The 15-member committee held Assembly Bill 7, a measure that Assemblyman Anthony Portantino , D-La Cañada Flintridge, puts up every session. Holding his legislation in committee killed it, since today is the deadline for fiscal committees to send bills out for chamber floor votes.
The measure would have frozen pay increases until Jan. 1, 2014, for any state employees whose base pay is more than $150,000 a year. It would have applied to workers in the executive, legislative or judicial branches of government, appointees to state boards and commissions and employees of the California State University system. It wouldn't apply to University of California employees, although it urges the system to play along.
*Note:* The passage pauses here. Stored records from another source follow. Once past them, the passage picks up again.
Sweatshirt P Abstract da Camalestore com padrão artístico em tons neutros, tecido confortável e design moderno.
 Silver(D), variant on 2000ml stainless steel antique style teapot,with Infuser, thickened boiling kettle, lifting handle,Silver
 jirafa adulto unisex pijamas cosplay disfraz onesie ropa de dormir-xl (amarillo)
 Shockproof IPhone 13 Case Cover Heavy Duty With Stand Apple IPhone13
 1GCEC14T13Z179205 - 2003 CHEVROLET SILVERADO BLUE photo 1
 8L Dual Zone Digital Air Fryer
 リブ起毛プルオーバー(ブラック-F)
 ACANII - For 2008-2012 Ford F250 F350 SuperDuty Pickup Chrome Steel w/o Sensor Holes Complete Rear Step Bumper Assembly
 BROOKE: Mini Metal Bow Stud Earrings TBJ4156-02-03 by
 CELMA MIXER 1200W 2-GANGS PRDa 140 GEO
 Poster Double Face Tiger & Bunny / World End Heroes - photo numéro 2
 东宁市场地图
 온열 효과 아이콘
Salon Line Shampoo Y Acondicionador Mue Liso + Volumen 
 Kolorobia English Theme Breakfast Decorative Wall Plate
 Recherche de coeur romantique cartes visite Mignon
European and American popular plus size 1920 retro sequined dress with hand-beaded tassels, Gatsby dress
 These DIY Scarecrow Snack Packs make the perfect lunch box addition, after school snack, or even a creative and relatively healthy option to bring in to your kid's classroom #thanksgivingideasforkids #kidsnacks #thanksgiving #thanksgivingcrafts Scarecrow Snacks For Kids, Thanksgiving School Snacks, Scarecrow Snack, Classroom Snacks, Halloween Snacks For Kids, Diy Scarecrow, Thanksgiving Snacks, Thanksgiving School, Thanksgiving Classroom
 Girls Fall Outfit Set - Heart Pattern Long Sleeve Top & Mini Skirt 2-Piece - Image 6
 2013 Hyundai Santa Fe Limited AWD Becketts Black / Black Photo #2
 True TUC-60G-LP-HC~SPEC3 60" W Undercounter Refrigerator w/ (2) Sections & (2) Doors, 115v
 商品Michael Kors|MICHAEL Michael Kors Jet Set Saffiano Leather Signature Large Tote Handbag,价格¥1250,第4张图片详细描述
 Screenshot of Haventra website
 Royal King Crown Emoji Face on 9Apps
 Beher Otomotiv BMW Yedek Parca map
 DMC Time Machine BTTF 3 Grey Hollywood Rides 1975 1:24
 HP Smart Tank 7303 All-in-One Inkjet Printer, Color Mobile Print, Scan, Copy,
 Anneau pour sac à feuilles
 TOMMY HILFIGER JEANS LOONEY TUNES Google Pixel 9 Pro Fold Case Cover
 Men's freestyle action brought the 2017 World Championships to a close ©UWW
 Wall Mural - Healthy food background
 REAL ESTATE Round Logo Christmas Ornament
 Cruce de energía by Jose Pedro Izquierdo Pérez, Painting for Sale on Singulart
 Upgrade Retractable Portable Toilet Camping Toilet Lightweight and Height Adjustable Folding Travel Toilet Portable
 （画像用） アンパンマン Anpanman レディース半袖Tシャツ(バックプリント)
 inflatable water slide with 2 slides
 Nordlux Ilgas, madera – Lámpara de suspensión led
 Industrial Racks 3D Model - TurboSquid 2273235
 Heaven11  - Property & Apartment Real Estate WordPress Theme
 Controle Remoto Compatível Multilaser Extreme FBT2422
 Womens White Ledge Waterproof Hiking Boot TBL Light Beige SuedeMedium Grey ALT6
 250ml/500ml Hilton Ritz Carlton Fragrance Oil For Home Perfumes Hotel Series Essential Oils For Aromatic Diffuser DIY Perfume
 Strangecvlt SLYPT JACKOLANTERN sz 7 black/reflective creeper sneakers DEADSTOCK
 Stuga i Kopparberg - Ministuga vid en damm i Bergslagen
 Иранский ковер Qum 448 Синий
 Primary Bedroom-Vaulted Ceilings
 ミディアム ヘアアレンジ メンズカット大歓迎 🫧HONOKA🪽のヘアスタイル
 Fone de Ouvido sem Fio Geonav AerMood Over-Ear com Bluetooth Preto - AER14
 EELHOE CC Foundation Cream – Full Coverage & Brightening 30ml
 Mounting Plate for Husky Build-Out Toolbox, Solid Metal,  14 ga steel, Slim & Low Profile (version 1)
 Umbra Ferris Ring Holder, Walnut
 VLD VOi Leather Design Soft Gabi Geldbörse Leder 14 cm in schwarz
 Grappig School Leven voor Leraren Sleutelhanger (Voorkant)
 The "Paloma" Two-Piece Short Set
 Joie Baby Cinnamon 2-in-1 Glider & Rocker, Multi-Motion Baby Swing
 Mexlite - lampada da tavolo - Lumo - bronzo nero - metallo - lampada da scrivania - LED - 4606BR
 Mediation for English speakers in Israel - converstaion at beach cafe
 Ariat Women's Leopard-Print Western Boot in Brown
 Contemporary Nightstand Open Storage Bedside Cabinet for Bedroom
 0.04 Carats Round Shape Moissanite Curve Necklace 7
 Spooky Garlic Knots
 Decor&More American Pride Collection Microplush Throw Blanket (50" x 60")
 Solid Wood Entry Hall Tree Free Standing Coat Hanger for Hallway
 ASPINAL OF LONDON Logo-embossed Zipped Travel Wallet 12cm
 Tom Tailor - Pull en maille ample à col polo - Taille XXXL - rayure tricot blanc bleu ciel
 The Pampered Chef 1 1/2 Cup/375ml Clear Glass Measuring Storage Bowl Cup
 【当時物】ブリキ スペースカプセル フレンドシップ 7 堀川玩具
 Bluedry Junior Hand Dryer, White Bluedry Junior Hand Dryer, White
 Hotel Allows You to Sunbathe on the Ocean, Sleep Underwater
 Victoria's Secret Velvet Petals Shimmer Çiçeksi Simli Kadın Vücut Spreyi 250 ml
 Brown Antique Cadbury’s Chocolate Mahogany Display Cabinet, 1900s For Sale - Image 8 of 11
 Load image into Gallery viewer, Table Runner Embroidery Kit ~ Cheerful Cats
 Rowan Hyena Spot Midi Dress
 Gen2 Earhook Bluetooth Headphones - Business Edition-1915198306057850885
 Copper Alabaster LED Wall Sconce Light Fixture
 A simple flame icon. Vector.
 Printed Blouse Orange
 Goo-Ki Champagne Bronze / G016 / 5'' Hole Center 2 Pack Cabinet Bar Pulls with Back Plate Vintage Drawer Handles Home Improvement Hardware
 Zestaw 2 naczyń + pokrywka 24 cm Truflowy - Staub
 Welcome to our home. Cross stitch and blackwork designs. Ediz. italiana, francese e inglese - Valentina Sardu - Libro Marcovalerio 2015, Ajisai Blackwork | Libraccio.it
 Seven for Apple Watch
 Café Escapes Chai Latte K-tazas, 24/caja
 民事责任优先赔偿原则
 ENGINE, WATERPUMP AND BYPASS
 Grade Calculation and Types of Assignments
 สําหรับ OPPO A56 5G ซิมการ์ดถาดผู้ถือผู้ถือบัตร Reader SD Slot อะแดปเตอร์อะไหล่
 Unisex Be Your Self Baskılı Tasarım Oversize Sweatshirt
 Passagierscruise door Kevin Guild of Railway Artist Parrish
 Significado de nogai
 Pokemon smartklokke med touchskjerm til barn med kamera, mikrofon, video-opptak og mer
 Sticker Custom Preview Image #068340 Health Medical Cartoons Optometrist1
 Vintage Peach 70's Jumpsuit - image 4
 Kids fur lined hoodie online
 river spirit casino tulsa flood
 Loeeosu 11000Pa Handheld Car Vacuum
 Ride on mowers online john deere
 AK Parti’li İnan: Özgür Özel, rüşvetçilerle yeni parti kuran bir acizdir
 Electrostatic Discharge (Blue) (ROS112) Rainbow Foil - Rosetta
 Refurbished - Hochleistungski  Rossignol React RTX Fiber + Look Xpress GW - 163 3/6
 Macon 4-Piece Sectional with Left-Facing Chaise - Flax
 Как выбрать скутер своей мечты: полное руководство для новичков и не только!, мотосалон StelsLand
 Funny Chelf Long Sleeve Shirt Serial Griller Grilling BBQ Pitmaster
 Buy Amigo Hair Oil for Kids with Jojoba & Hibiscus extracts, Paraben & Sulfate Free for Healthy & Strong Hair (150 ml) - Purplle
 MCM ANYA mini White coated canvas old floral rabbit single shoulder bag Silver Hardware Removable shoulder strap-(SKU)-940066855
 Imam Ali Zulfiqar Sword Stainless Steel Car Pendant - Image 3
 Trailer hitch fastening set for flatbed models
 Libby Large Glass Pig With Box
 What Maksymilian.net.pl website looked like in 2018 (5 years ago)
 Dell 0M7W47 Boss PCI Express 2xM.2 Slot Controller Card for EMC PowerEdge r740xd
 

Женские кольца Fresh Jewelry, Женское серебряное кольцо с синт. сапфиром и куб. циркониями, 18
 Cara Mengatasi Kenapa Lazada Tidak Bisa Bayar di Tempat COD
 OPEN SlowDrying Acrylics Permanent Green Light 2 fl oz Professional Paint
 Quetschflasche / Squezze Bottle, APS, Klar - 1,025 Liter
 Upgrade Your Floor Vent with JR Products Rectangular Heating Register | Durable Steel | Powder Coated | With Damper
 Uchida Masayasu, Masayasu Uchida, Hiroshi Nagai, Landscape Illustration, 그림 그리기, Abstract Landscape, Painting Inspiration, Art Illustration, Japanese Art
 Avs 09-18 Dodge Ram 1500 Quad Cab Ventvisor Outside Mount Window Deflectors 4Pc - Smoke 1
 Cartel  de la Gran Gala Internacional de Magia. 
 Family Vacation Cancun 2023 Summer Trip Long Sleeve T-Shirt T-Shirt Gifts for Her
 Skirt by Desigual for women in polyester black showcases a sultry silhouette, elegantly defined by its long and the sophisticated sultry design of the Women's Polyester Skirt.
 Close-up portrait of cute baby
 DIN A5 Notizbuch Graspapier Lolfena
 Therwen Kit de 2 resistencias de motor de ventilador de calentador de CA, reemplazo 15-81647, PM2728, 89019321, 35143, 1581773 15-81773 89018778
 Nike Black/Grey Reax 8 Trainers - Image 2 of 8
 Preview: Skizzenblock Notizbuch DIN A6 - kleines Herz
CalPERS, CalSTRS and the UC system have objected, saying the freeze would hurt recruiting and retaining top-flight employees.
In April, Portantino defended the measure as a money-saver that also sends a message.
"In time of budget deficits and high unemployment ... and deep budget cuts, it makes no sense to let CSUS administrators hand out bonuses or for investment officers at CalPERS to get bonuses," he said. He figured the freeze would have saved state payroll about $20 million.
This is at least the eighth time Portantino's pay freeze legislation has failed.